Assignment:
Retype the records below exactly as they stand, but with no images.

The data Block Start

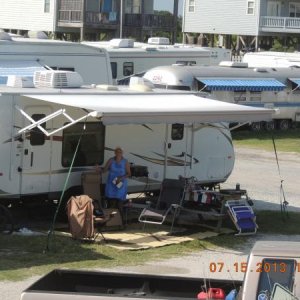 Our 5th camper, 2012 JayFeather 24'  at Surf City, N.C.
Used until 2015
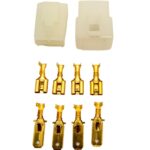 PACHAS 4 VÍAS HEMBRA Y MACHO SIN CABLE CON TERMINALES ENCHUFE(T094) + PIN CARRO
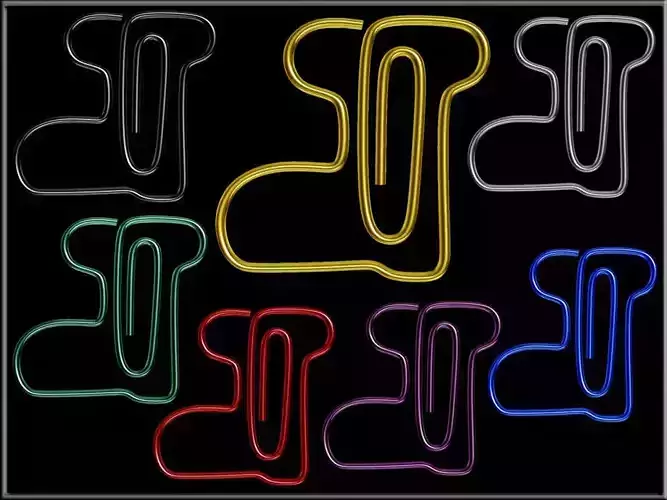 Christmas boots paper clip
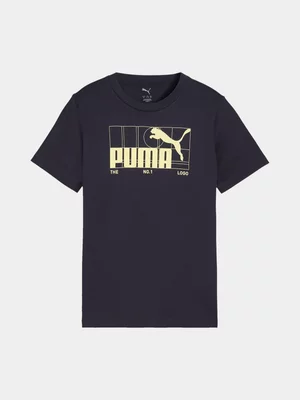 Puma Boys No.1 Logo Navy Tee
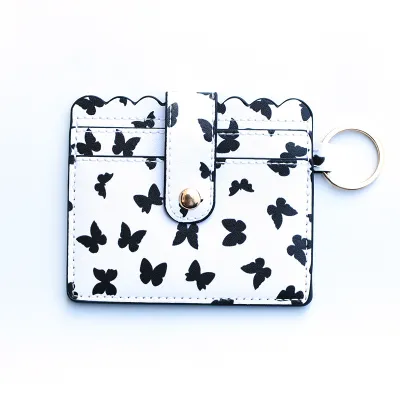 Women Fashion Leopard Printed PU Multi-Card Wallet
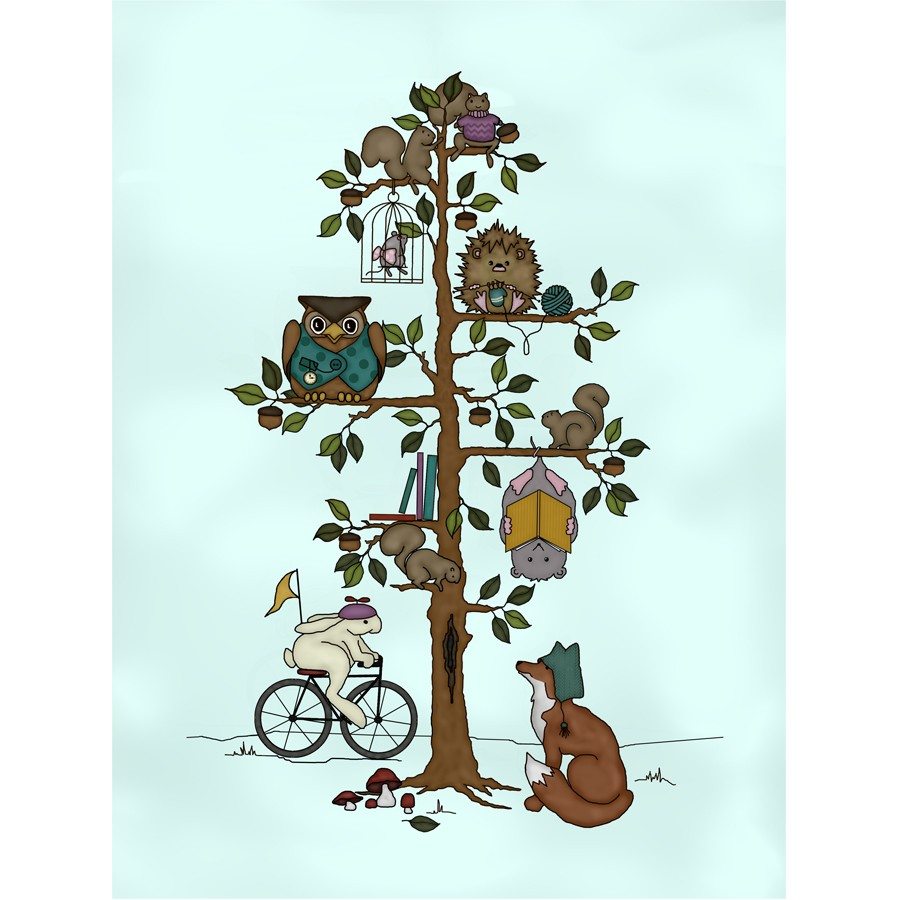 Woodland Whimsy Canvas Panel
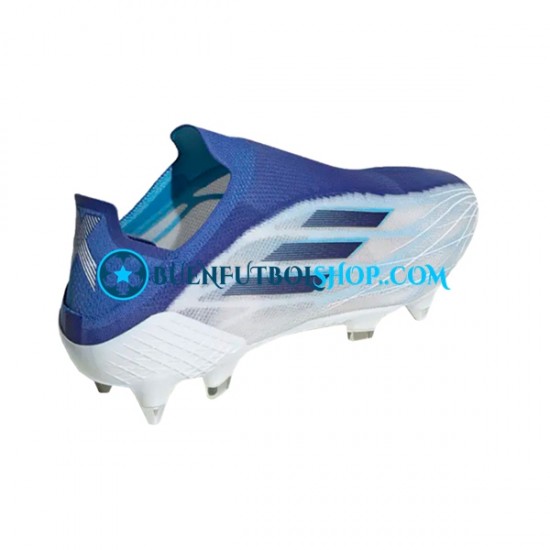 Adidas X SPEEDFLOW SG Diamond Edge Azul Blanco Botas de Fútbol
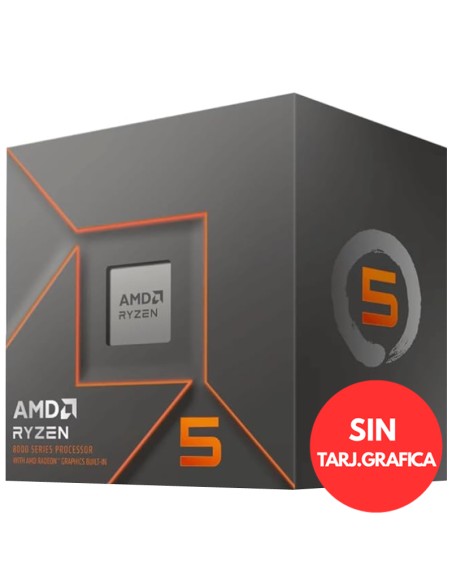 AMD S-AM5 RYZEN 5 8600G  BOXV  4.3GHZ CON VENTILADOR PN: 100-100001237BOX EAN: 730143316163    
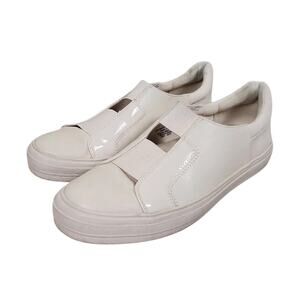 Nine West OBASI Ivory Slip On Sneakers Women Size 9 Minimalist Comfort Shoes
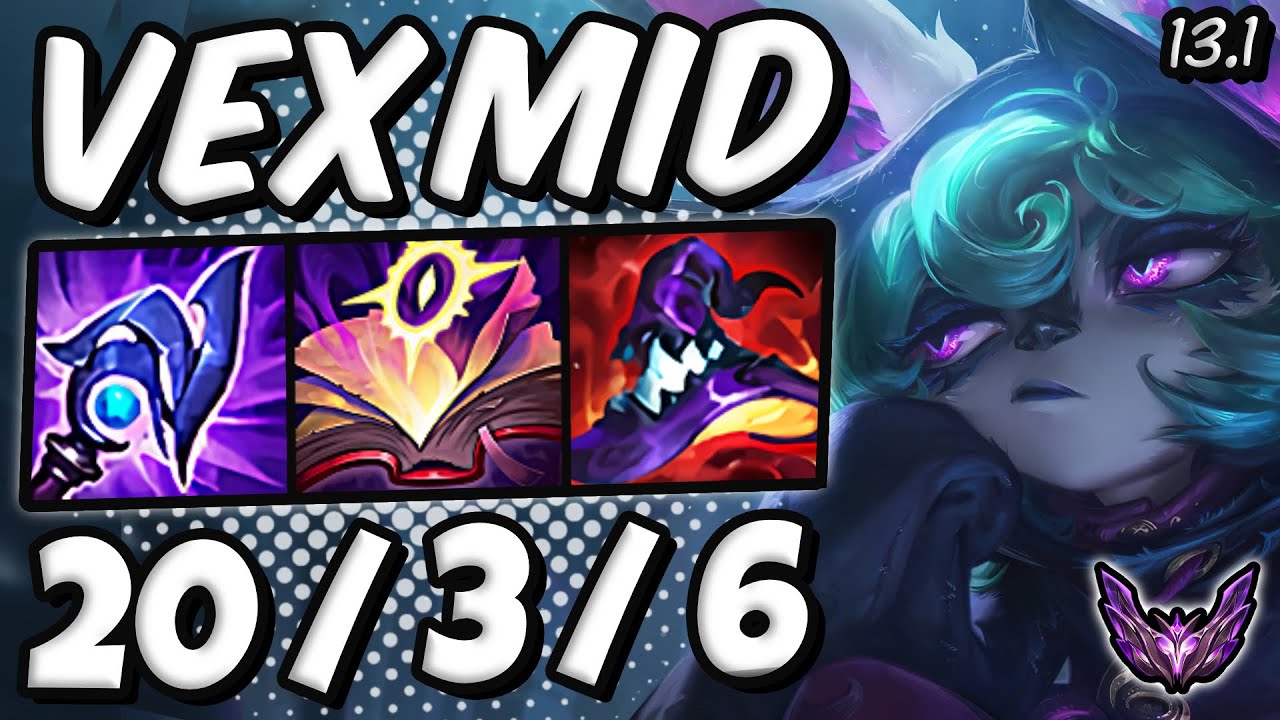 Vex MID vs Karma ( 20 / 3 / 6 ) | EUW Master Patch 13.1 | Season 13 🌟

The data Block End

Result of this exercise:
 Our 5th camper, 2012 JayFeather 24'  at Surf City, N.C.
Used until 2015
 PACHAS 4 VÍAS HEMBRA Y MACHO SIN CABLE CON TERMINALES ENCHUFE(T094) + PIN CARRO
 Christmas boots paper clip
 Puma Boys No.1 Logo Navy Tee
 Women Fashion Leopard Printed PU Multi-Card Wallet
 Woodland Whimsy Canvas Panel
 Adidas X SPEEDFLOW SG Diamond Edge Azul Blanco Botas de Fútbol
 AMD S-AM5 RYZEN 5 8600G  BOXV  4.3GHZ CON VENTILADOR PN: 100-100001237BOX EAN: 730143316163    
 Nine West OBASI Ivory Slip On Sneakers Women Size 9 Minimalist Comfort Shoes
 Vex MID vs Karma ( 20 / 3 / 6 ) | EUW Master Patch 13.1 | Season 13 🌟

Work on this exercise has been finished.